100s of driverless vehicles in New Zealand at end of 2017

 

Driverless vehicles and cars that brake by themselves are being hailed as the future of transport in t

Driverless vehicles and cars that brake by themselves are being hailed as the future of transport in this country

In its briefing to the incoming Transport Minister, Simon Bridges, the Ministry of Transport said new car technologies would improve safety and efficiency on the road.

A spokesperson for the the New Zealand Institute of Economic Research, Nick Allison, said self-braking cars were already available here but would not dominate roads for another 20 years.

Mr Allison said the technology could reduce how much the Government spent on infrastructure.

“As we go into the future – and we’re talking 15, 20 years out when this technology is starting to become much more prevalent – then we would expect less demand on the public purse for building additional capacity than would have been there otherwise.”

 

NZTech head Graeme Muller predicts hundreds of driverless cars will be seen on New Zealand’s roads by the end of next year.
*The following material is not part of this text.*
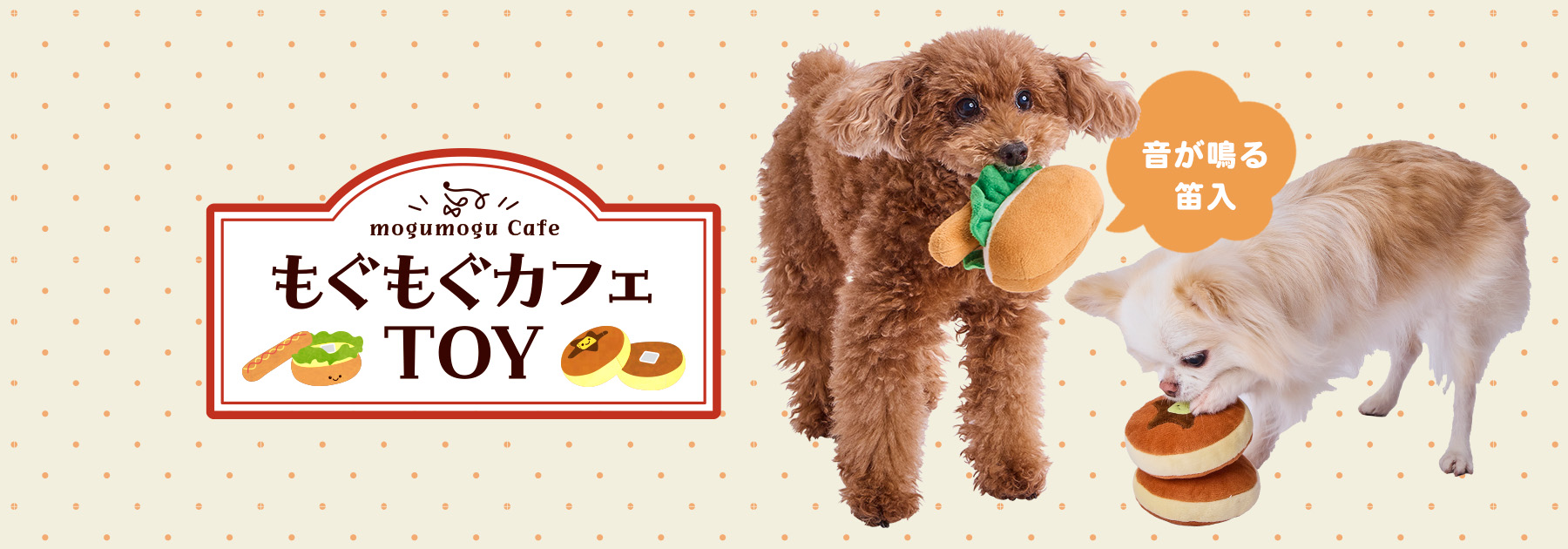 もぐもぐカフェTOY
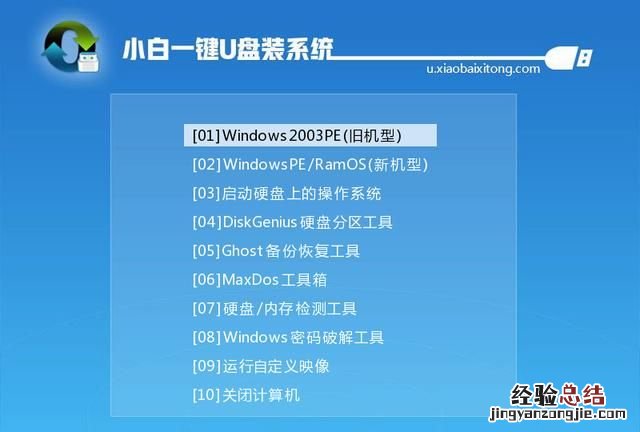 windows7系统安装问题,windows7系统安装失败的原因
He was commenting on the historic announcement today of New Zealand’s first research trial of a driverless electric shuttle which will begin next year.

HMI Technologies and Christchurch International Airport Limited have today announced a two-year research trial of a 15-passenger seat French-built Navya shuttle in Christchurch, starting in 2017.

“This is great news for New Zealand,” NZTech chief executive Muller says.

“We are starting to see driverless vehicle pilots in New Zealand – the Volvo pilot in Tauranga in November and now the Christchurch Airport trial – but we are certainly not leading the world.

“Driverless vehicle technology is developing at such a rapid pace that many cities around the world are already piloting the technology.

“The government has done a good job of opening up the opportunity for testing this technology in New Zealand but we should set ourselves some stretch goals if we want to lead the world.

“I would predict that by the end of 2017 there will actually be 100s of driverless vehicles in New Zealand at various stages of trail and commercial operation,” Muller says.